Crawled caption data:
-- Opening Marker --

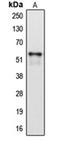 Cytochrome P450 Family 2 Subfamily A Member 6 antibody, orb213819, Biorbyt, Western Blot image 
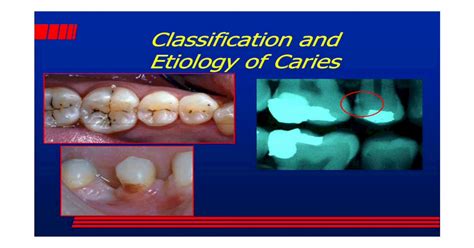 Classification And Etiology Of Caries Review Pdf Document
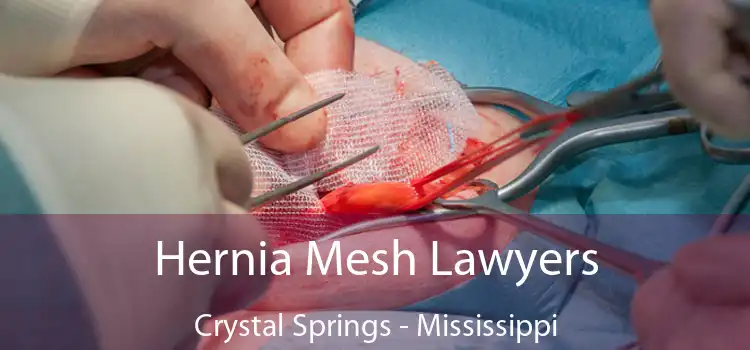 Hernia Mesh Lawyers Crystal Springs - Mississippi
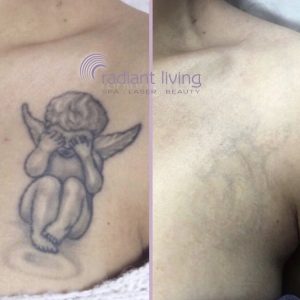 Tattoo Removal Before & After Photos, Tattoo Removal Patient Results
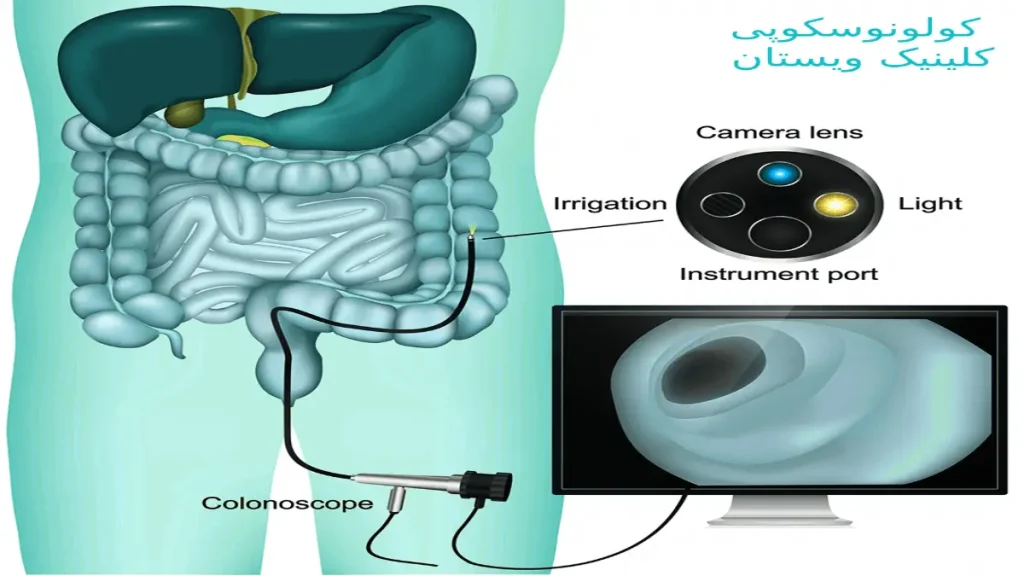 اگر از درد شکم رنج می برید، پزشک ممکن است کولونوسکوپی را برای بررسی علل احتمالی مانند مشکلات روده، اسهال مزمن و خونریزی مقعدی انجام دهد. آزمایش کولونوسکوپی برای تشخیص چه بیماری است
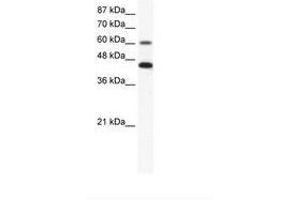 Image no. 1 for anti-Annexin A6 (ANXA6) (AA 28-77) antibody (ABIN203241) (ANXA6 Antikörper  (AA 28-77))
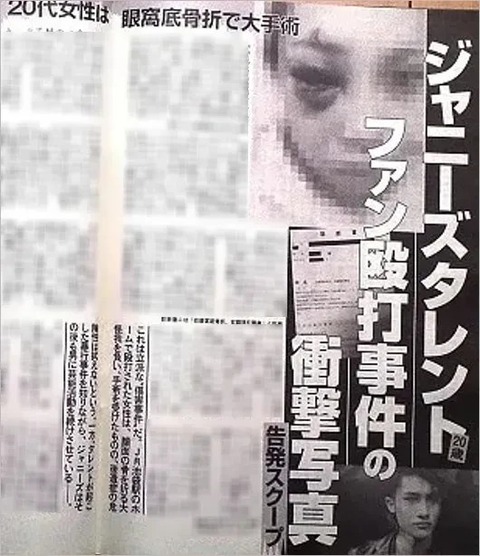 【画像】ジャ◯ーズに殴られた女、思ってた以上に怪我が酷い…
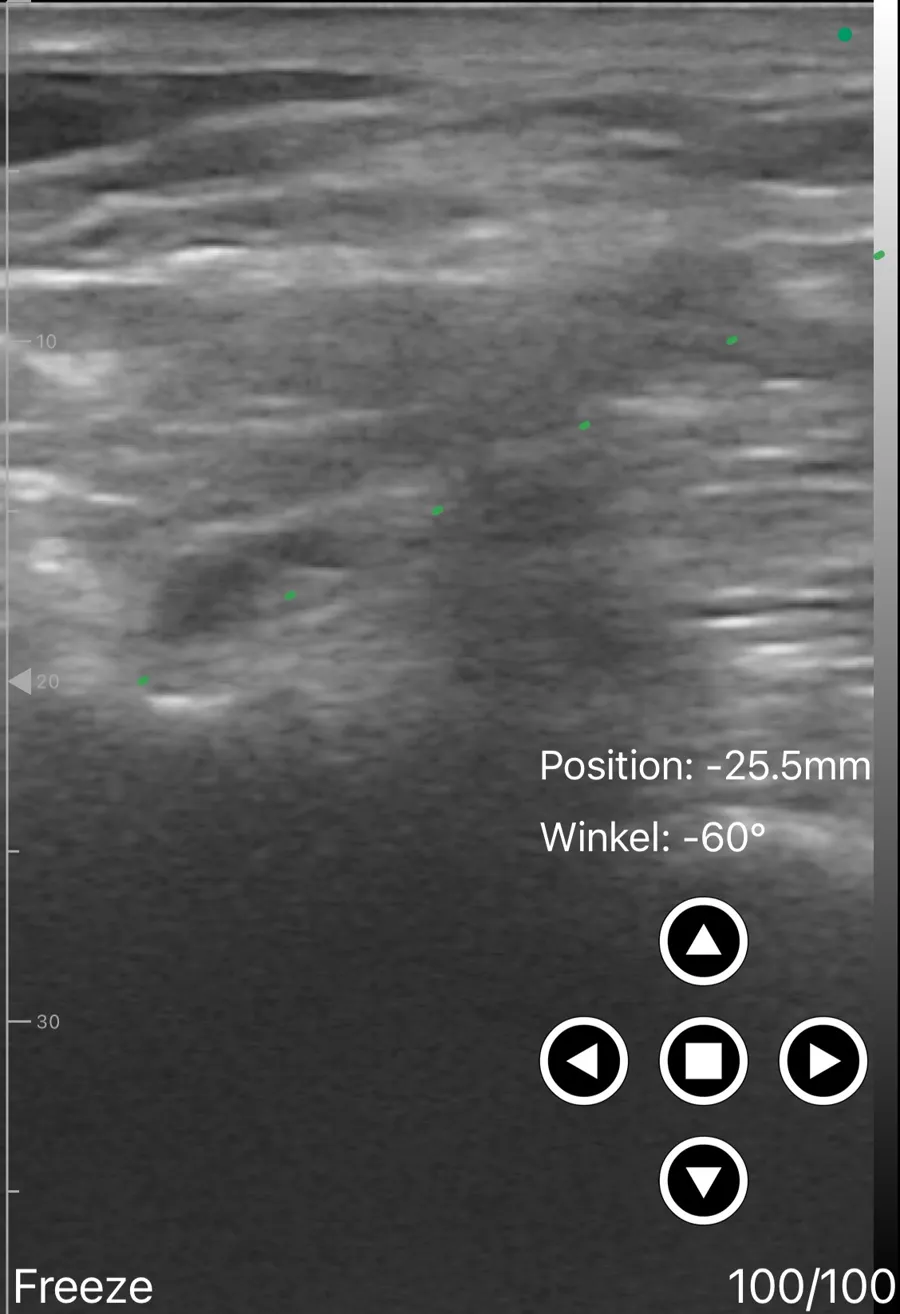 Interscalene brachial plexus block ultrasound view on Suresult D3Ultra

-- Closing Marker --

— TASK DESCRIPTION —
Give the lines again word for word, from the start of the records to the line holding "Hernia Mesh Lawyers", both included, and leave out any picture.

— TASK RESULT —
 Cytochrome P450 Family 2 Subfamily A Member 6 antibody, orb213819, Biorbyt, Western Blot image 
 Classification And Etiology Of Caries Review Pdf Document
 Hernia Mesh Lawyers Crystal Springs - Mississippi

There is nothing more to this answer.